§ Provided material
• • •
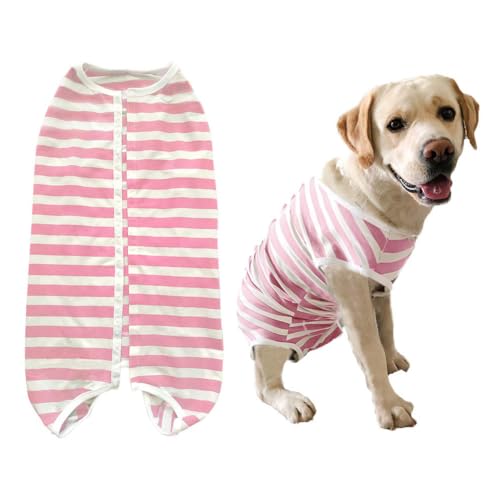 Kukaster Pet Hundebody Nach Op Kastration Hündin Rüde Wundschutzanzüge für Hund, Reißverschluss-Design für Haarausfall, Allergien, Rasur Rosa Weiß 2XL von Kukaster Pet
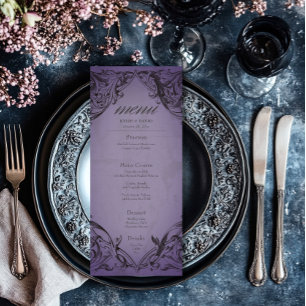 Vintage Bat Until Death Purple Wedding Menu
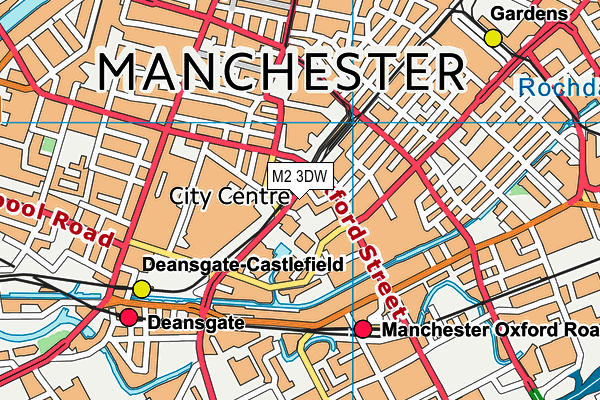 Budget Gym (Manchester) (Closed) map (M2 3DW) - OS VectorMap District (Ordnance Survey)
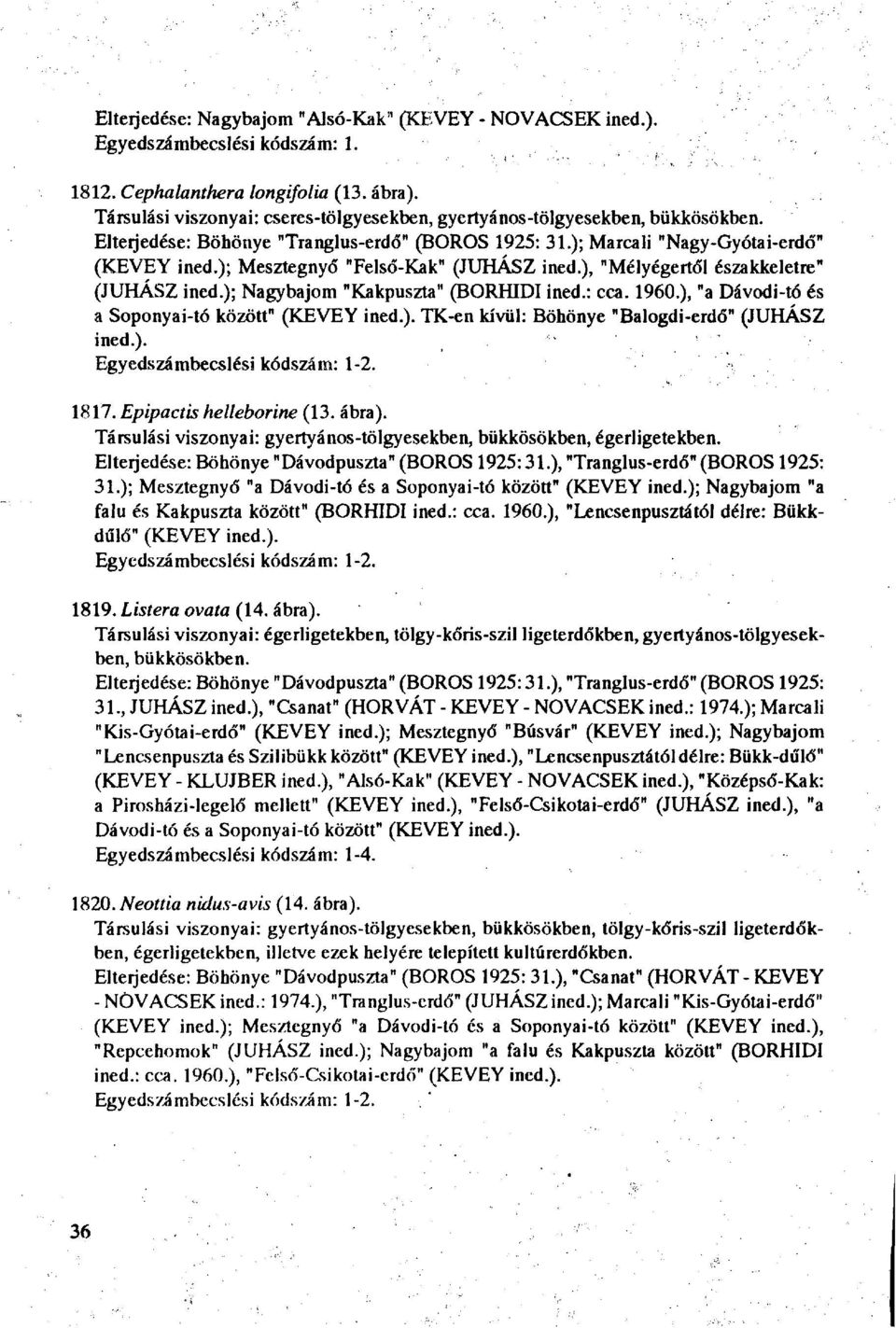 ); Mesztegnyő "Felsó-Kak" (JUHÁSZ ined.), "Mélyégertől északkeletre" (JUHÁSZ ined.); Nagybajom "Kakpuszta" (BORHIDI ined.: cca. I960.), "a Dávodi-tó és a Soponyai-tó között" (KEVEY ined.). TK-en kívül: Böhönye "Balogdi-erdó" (JUHÁSZ ined.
• • •
§ Task to complete
The exact lines from the one containing "Budget Gym (Manchester)" through the end of the data are to be copied, with both ends kept and pictures left out.

§ Exercise output
 Budget Gym (Manchester) (Closed) map (M2 3DW) - OS VectorMap District (Ordnance Survey)
 ); Mesztegnyő "Felsó-Kak" (JUHÁSZ ined.), "Mélyégertől északkeletre" (JUHÁSZ ined.); Nagybajom "Kakpuszta" (BORHIDI ined.: cca. I960.), "a Dávodi-tó és a Soponyai-tó között" (KEVEY ined.). TK-en kívül: Böhönye "Balogdi-erdó" (JUHÁSZ ined.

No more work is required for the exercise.